=== About this exercise ===
Using the entries below, restate word for word only the lines from the one with "540i x image 3" to the final line, leaving the pictures out.

Short descriptive text snippets
────────────────────────────────────────

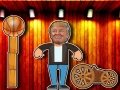 Игри Trump Ragdoll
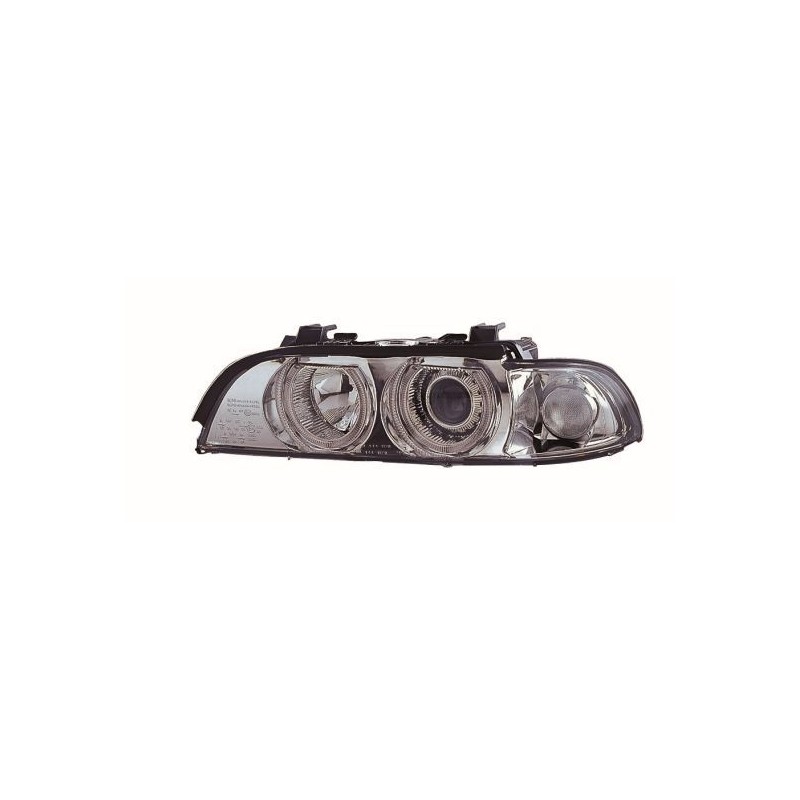 ABAKUS 444-1119PXNDEE1 Juego faros principales - 1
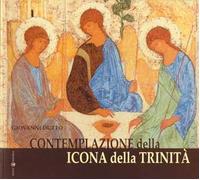 Contemplazione della icona della Trinità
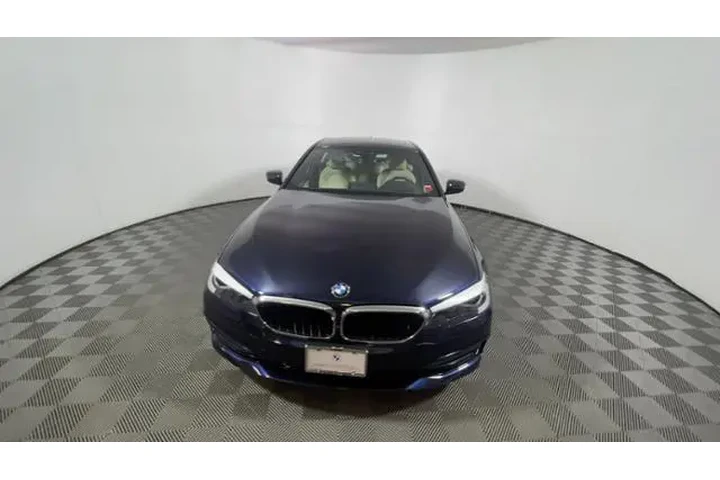 $30943 : BMW 5 Series 2020 AWD 540i x image 3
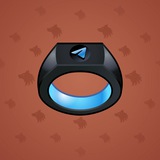 Signet Ring #2341 Signet Ring #2341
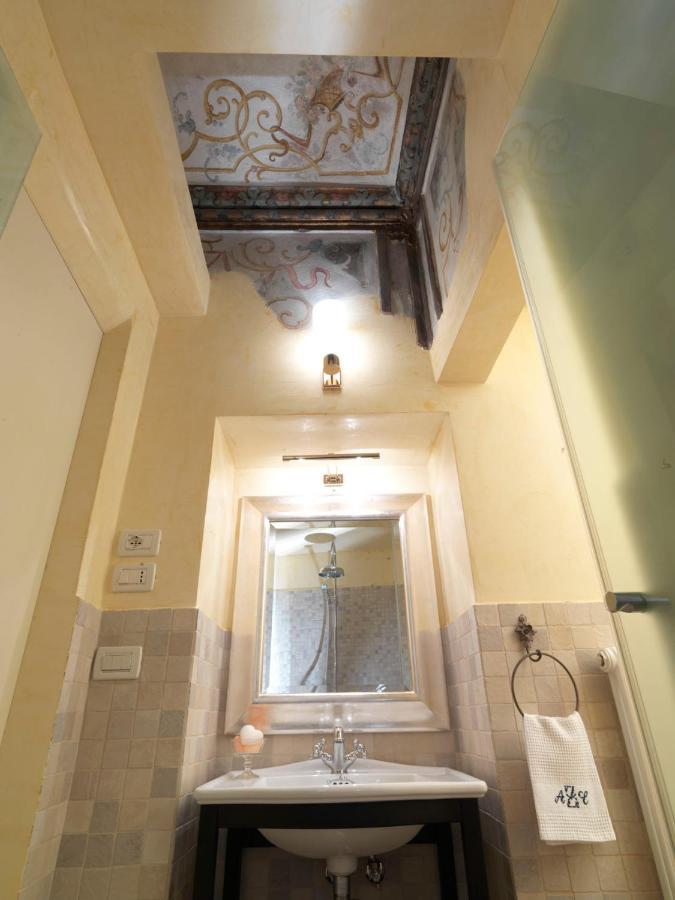 Antica Casa Zucchini B&B Bolonya Dış mekan fotoğraf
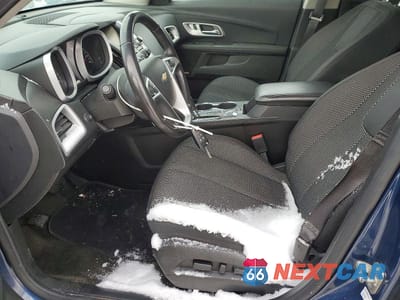 Zdjęcie 7 z 13 samochodu: 2017 CHEVROLET EQUINOX LT VIN:2GNFLFEK3H6254908 - miniatura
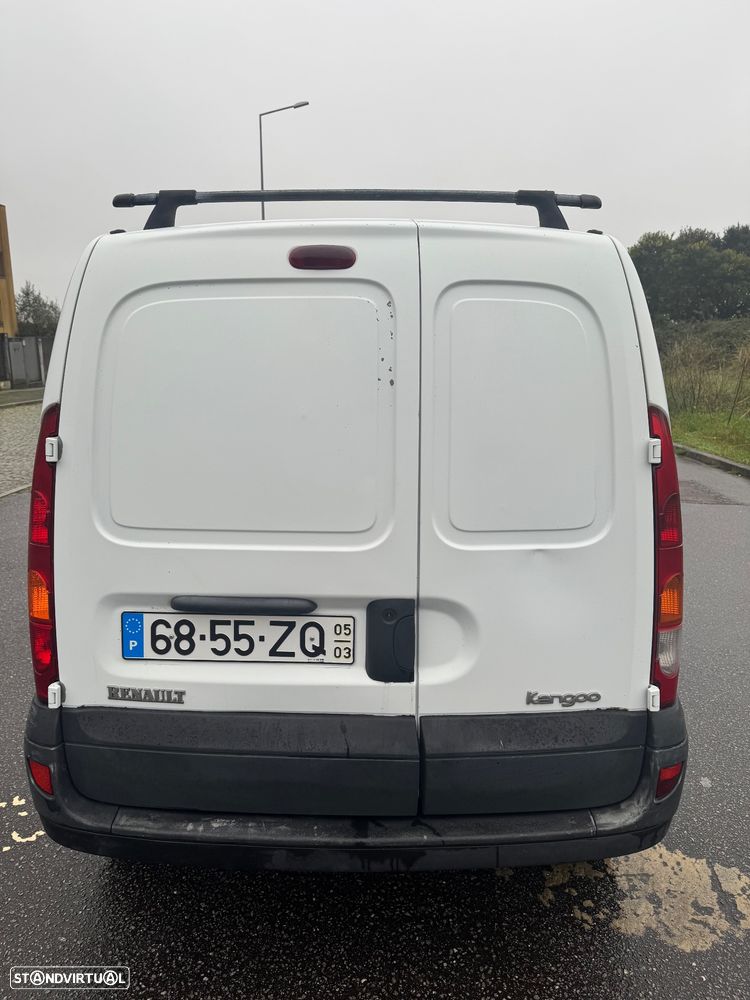 Renault Kangoo - 6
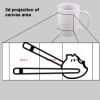 Gloss White Mug Thumbnail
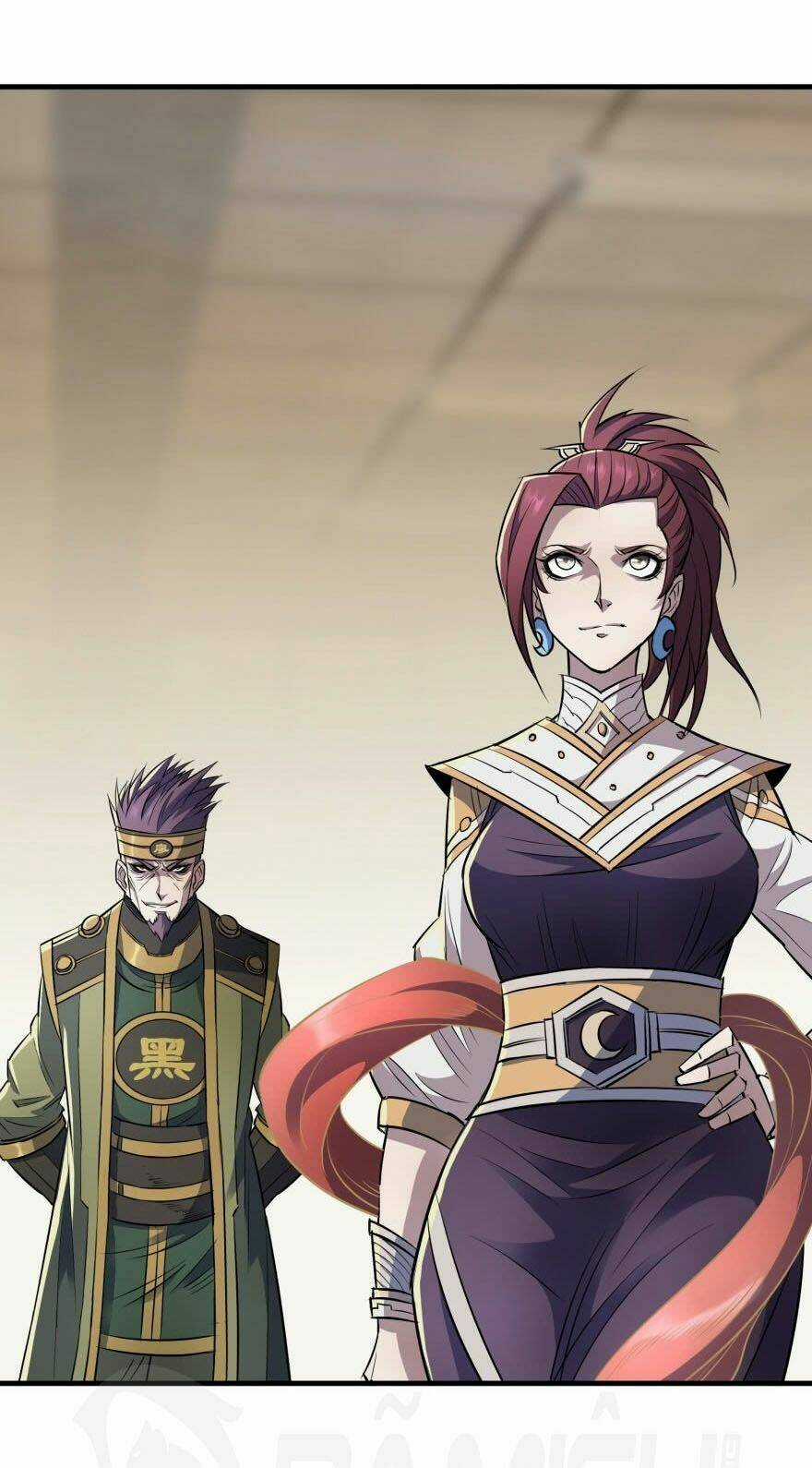 Thú Nhân Chapter 49 trang 2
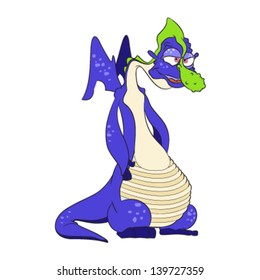 dinosaur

────────────────────────────────────────

=== Answer to this problem ===
 $30943 : BMW 5 Series 2020 AWD 540i x image 3
 Signet Ring #2341 Signet Ring #2341
 Antica Casa Zucchini B&B Bolonya Dış mekan fotoğraf
 Zdjęcie 7 z 13 samochodu: 2017 CHEVROLET EQUINOX LT VIN:2GNFLFEK3H6254908 - miniatura
 Renault Kangoo - 6
 Gloss White Mug Thumbnail
 Thú Nhân Chapter 49 trang 2
 dinosaur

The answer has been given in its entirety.